[Directions] Exact wording is required: give all the records again, minus the pictures.

[Given data]

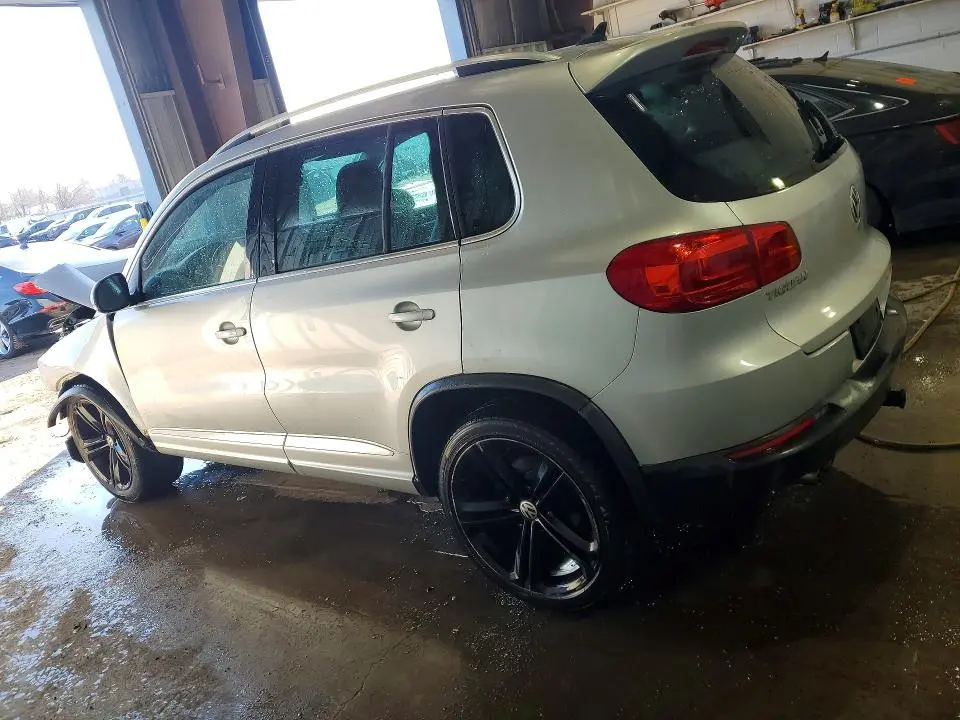 2014 VOLKSWAGEN TIGUAN S  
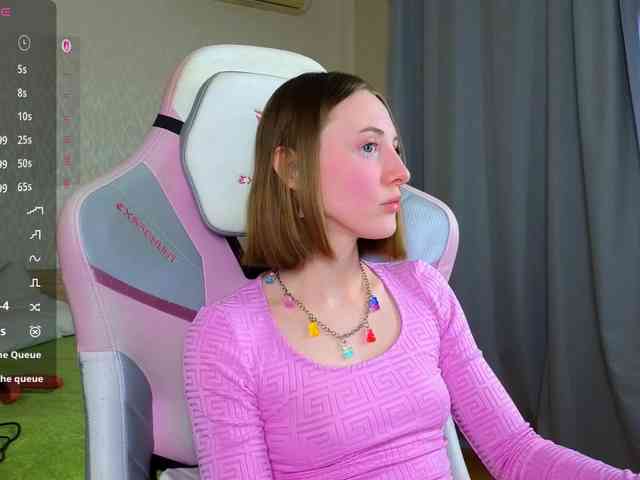 Adelina-Cowell webcam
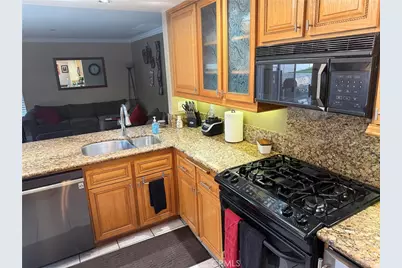 26933 Mandelieu, Murrieta, CA 92562 - Photo 4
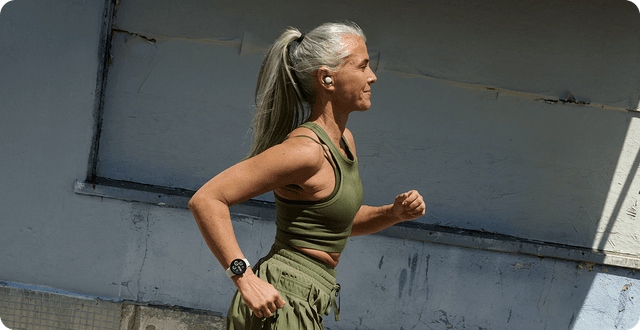Pixel Watch 3 på armen af en kvinde, som løber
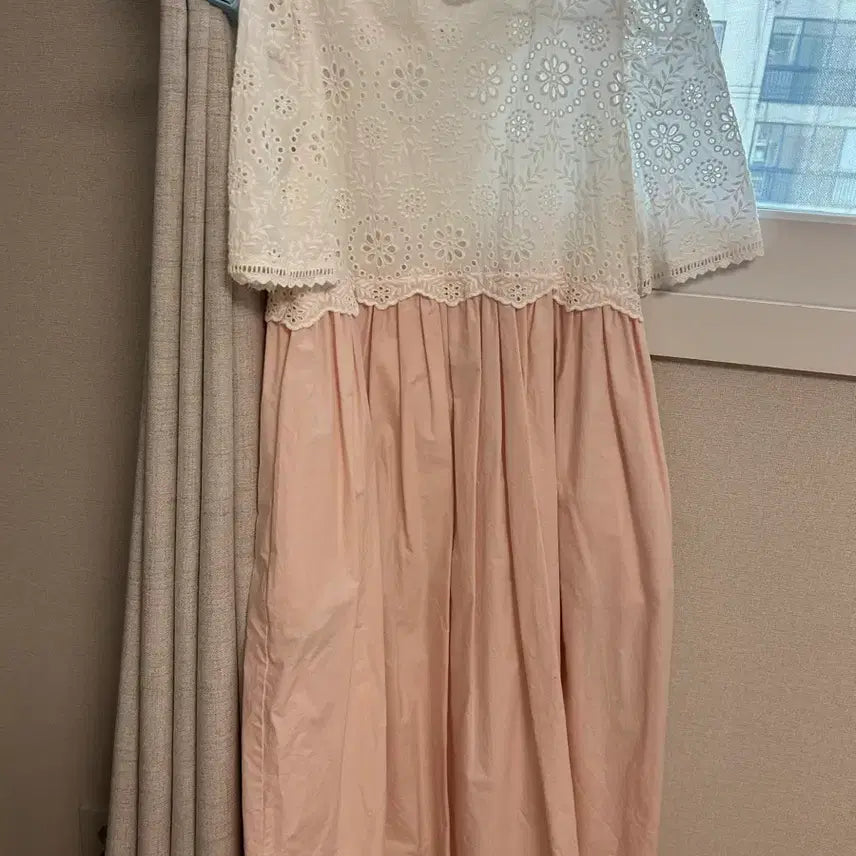 [BUNJANG] Vicinie Pink Lace Punching Long Dress / 바이씨니 펀칭 레이스 핑크 원피스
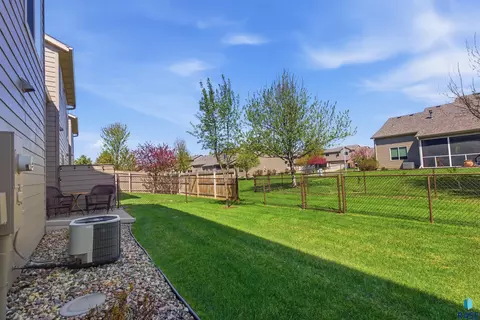 Exterior - 2718 E Indigo Pl, Sioux Falls, SD 57108 photo 4 of 4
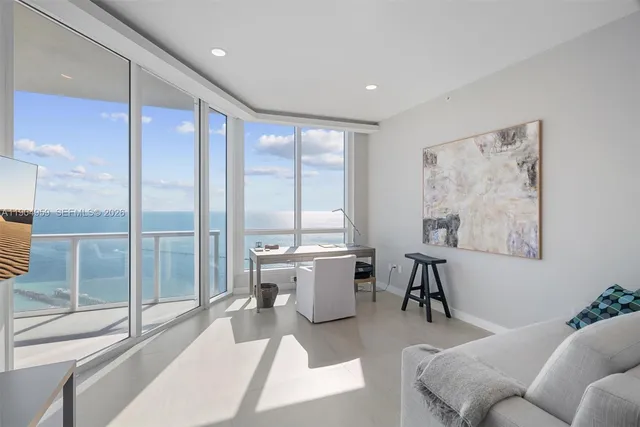 $17,900,000 | 100 South Pointe Drive, Unit 3203, Miami Beach, FL 33139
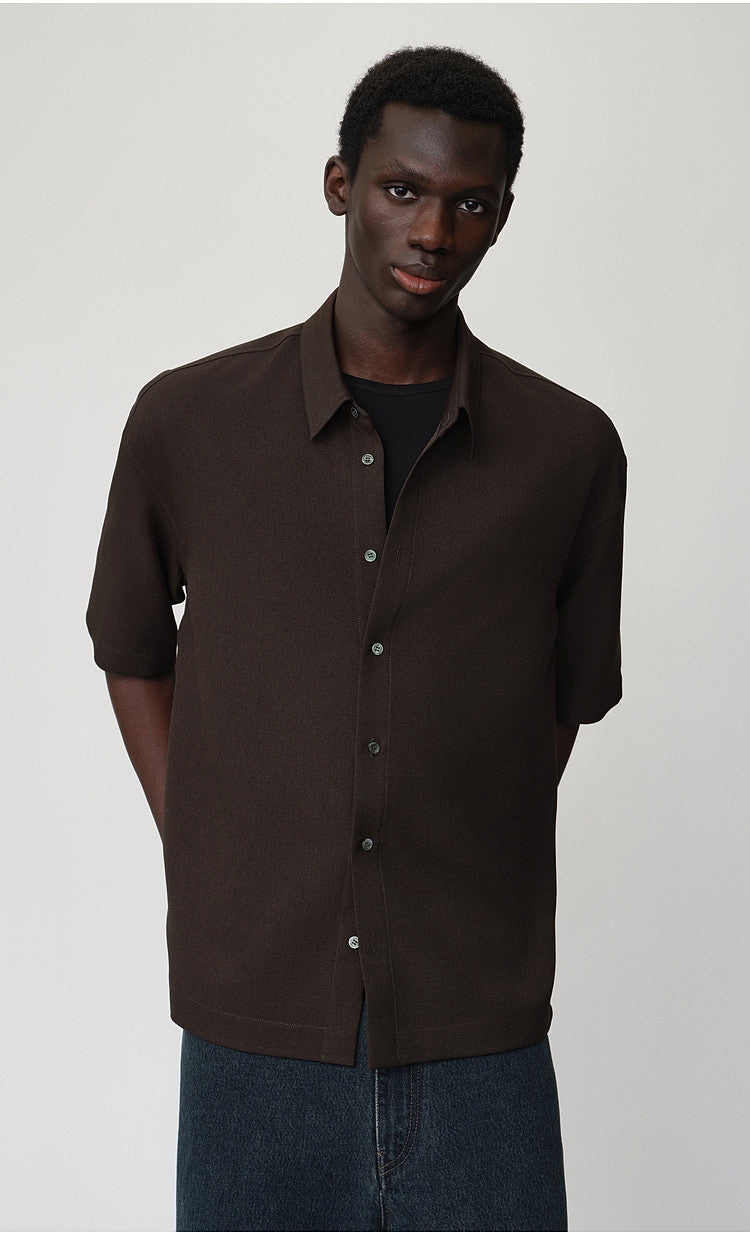 Standard Color Shirt with Pleats on the Side Seams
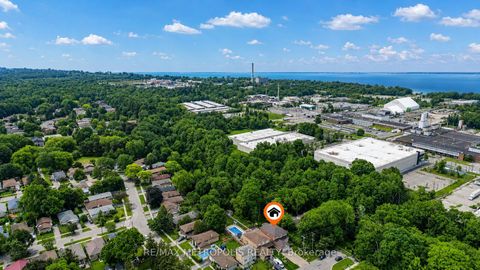 Photo 4 at 37 Bennett Road, West Hill, Toronto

[Answer for this exercise]
 2014 VOLKSWAGEN TIGUAN S  
 Adelina-Cowell webcam
 26933 Mandelieu, Murrieta, CA 92562 - Photo 4
Pixel Watch 3 på armen af en kvinde, som løber
 [BUNJANG] Vicinie Pink Lace Punching Long Dress / 바이씨니 펀칭 레이스 핑크 원피스
 Exterior - 2718 E Indigo Pl, Sioux Falls, SD 57108 photo 4 of 4
 $17,900,000 | 100 South Pointe Drive, Unit 3203, Miami Beach, FL 33139
 Standard Color Shirt with Pleats on the Side Seams
 Photo 4 at 37 Bennett Road, West Hill, Toronto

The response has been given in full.